There is already speculation as to whether it will be possible to hold the Conservatives to a minority on Oct. 14, or whether they might win a majority. This discussion is largely irrelevant because there's little difference. Canadians must understand that to elect a Conservative minority is, in effect, to elect a Conservative majority.
This bit of mythology has had too wide a circulation for too long a time. In fact, though, the Tories minority status has imposed significant constraints on their ability to pass legislation over the past several years. Here's just a quick list of really awful Tory bills that, for various reasons, died:
Legislation to kill the CWB (I forget the formal title)
Bill C-484 (Abortion Legislation)
C-10 (Film Censorship Legislation)
C-61 (Copyright Legislation)
Senate Reform (can't remember the name of that one either)
C-6 (Veiled Voter Legislation)
Now, the particular histories behind these bills are different in each case, but for the most part (and in a number of instances I am not probably not recalling at the moment), they were basically killed "by the process" after passing their first or second reading in the House.
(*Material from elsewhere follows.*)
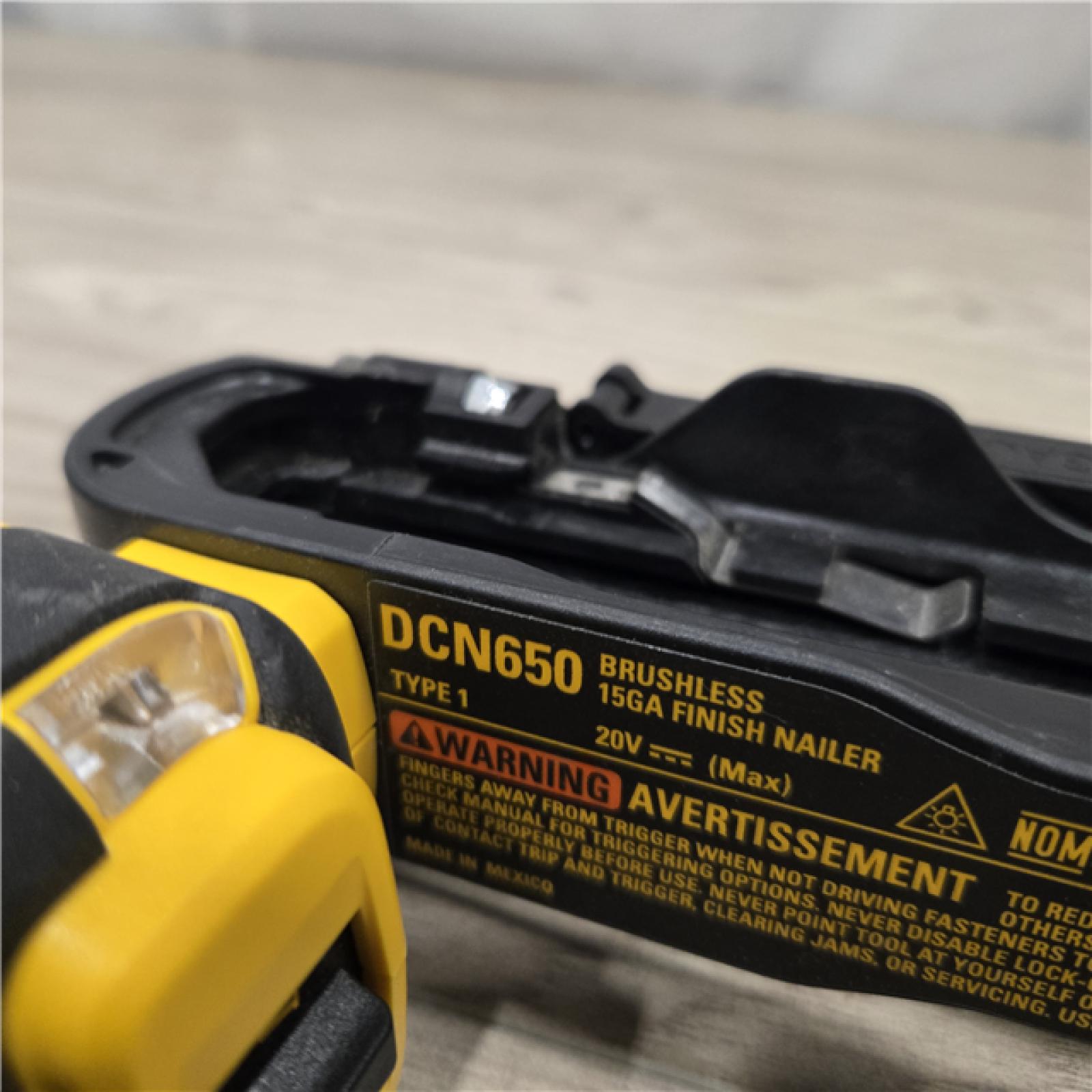 AS-IS DeWalt 20V MAX XR Cordless 18-Gauge Brad Nailer (Tool Only)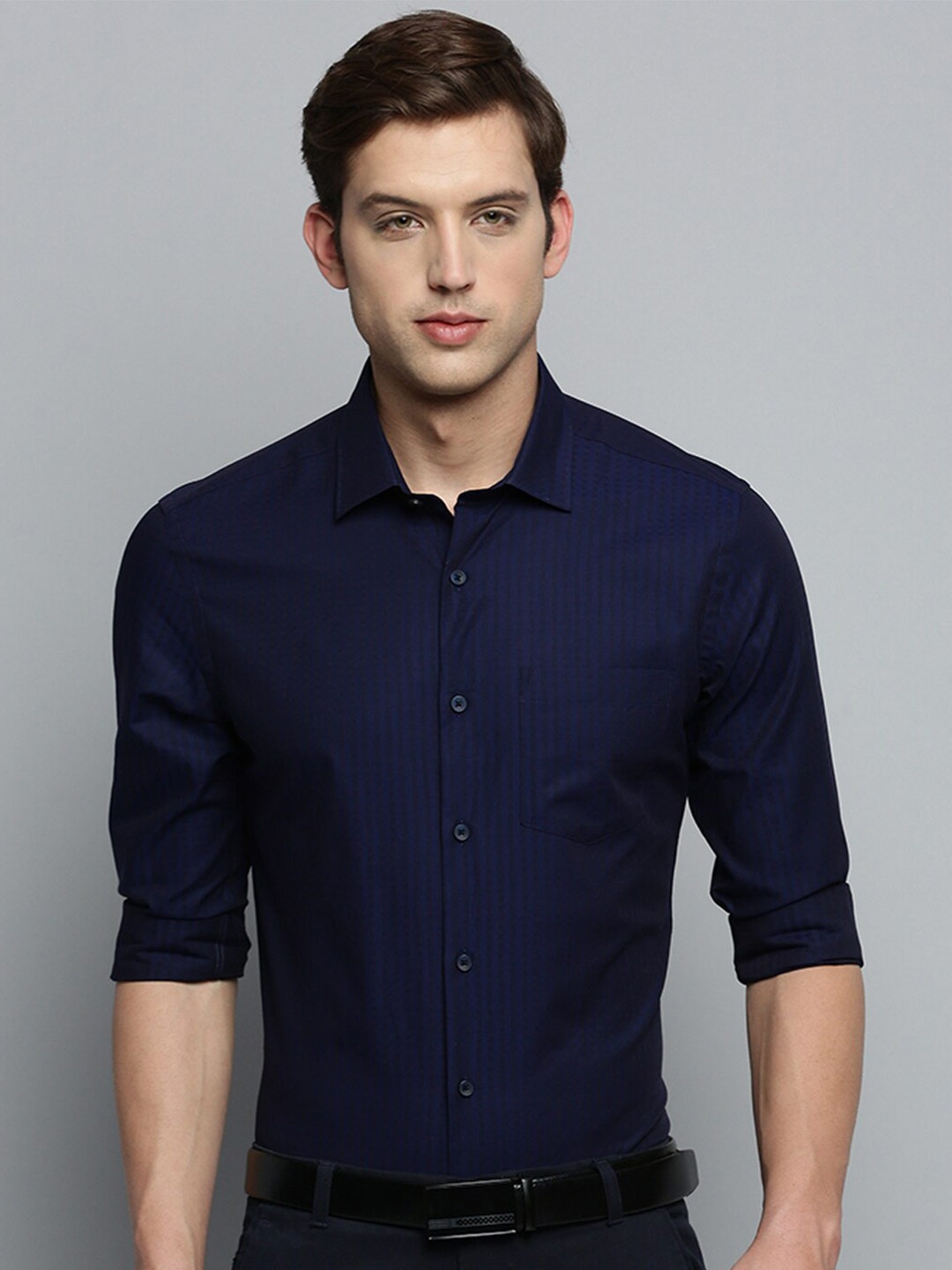

SHOWOFF Smart Vertical Striped Striped Cotton Formal Shirt, Navy blue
And the reason that they died in this way, and other ways equally inauspicious, is because, in a minority government, the government does not control the committees designed to examine and amend proposed legislation. The backroom maneuvers that killed them never achieved the same public profile as, for example, the Liberal abstentions in the House that sent them to committee in the first place, but nevertheless they worked.
Give Stephen Harper a Majority, and all of that changes. His party runs the committees. His party rams through what it wants to ram through. The quality of legislation that comes out of the HOC depends entirely on his whims.